= Dataset content =
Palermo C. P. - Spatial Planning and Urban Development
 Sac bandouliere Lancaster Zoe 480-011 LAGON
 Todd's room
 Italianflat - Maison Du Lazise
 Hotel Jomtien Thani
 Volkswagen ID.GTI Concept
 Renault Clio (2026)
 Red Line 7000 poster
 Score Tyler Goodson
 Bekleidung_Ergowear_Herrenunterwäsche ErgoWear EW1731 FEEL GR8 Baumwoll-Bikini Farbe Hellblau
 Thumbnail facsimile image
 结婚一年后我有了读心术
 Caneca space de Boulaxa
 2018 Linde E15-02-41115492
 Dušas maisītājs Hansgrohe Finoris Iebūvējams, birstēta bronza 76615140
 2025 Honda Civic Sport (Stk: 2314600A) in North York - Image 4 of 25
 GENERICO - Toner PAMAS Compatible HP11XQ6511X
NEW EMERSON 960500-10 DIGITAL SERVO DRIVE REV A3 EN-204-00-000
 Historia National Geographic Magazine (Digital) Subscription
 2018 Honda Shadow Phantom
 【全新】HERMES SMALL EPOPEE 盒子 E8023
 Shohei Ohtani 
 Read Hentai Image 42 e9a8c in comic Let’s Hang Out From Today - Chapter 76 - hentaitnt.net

= What is being asked =
Search the material for the word "Honda" and copy each line where it occurs.

= Answer to this task =
 2025 Honda Civic Sport (Stk: 2314600A) in North York - Image 4 of 25
 2018 Honda Shadow Phantom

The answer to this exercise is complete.